With weak AMD processors, paid Tesla add-ons can be unlocked for free
The situation is exacerbated by the fact that it is said that the weakness that enables the ruse cannot be rectified.
Tesla is one of the pioneers of the solution, under which extras that owners weren’t willing to pay for at the time of the car’s seizure can be unlocked on manufacturer models even later, via software. The procedure, which can be completed without visiting the service, is in principle convenient for both customers and the manufacturer, but it can also attract the attention of hackers trying to unlock locked options.
Researchers at the Technical University of Berlin (Technische Universität Berlin, TU Berlin) have now discovered a serious vulnerability that can be used to bypass manufacturer restrictions, clearing the way for premium services.
The key to this method is the Media Control Unit (MCU), which controls the Tesla’s infotainment system, which already uses AMD Ryzen chips in its third generation. The TU Berlin team managed to crack this device by abusing a known vulnerability in the Zen 2 and Zen 3 family of processors, which, as far as we know, does not contain an antidote, so it doesn’t look like this backdoor will ever be closed.

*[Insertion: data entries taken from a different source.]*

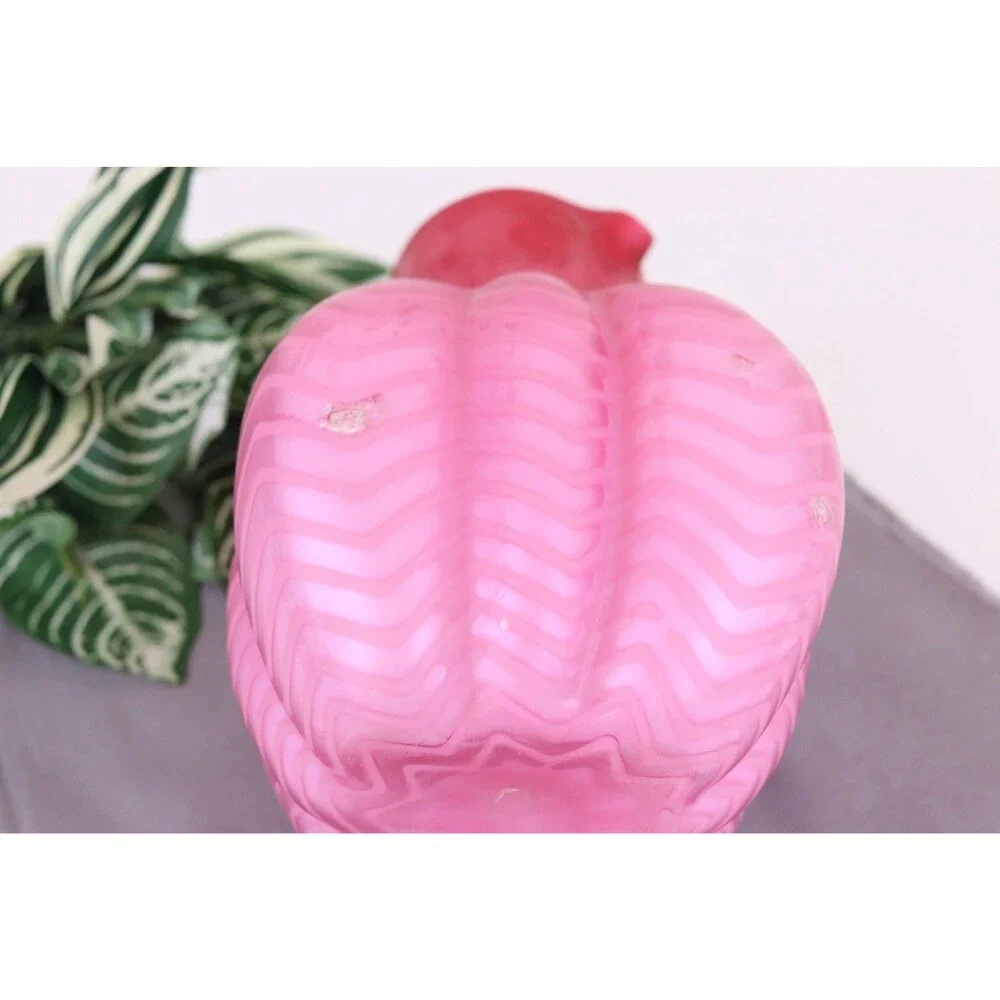 Mt Washington Pink Mother of Pearl Satin Glass Herringbone Pitcher 7.5 READ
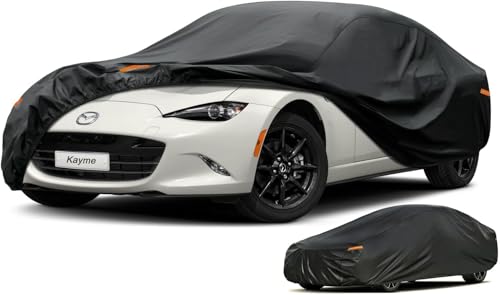 Image of Kayme 10 Layers Sports Car Cover Waterproof All Weather [See Vehicle Size Chart for Accurate Fit] Heavy Duty Full Exterior Cover for Automobiles Sun Rain Snow UV Protection. Size C1 (See Size Chart)
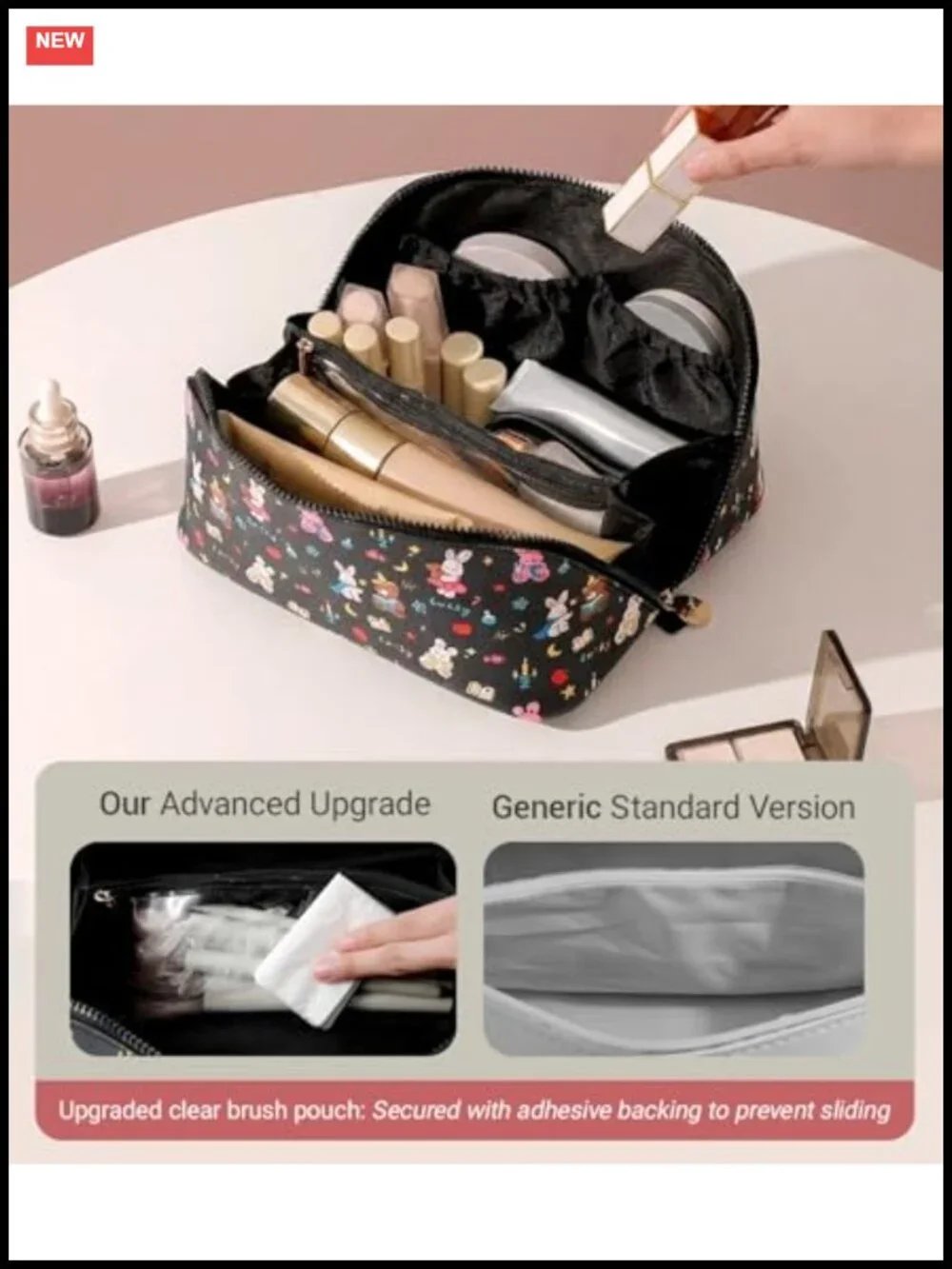 Large Travel Makeup Bag for Women, Waterproof PU Leather Cosmetic Organizer,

the tom devices based on his report The researchers called the effort error injection attack, which eventually gained root privileges to modify the Linux-based system. Using this method, hackers can even decrypt encrypted NVMe storage, access private data such as phone numbers and registry entries, as well as run an arbitrary program on the T-V’s center screen.
Of course, the most exciting option is to unlock extensions, but here the possibilities are not unlimited, but access to paid functions varies depending on the type. In the case of the 2021 3 SR+ model, for example, the steering wheel heating + heated rear seat package, which otherwise costs $300, has been unlocked by researchers at TU Berlin, but more details won’t be revealed until Aug. 9. at the Black Hat hacker conference in Las Vegas. the team
However, the initial report reveals that the vulnerability can even extract cars’ unique RSA keys, which are used by the manufacturer to authenticate cars. In practical terms, this means that vehicles that Tesla has disabled from the Supercharger charging network due to the risk of breakage or water damage can be reactivated via software.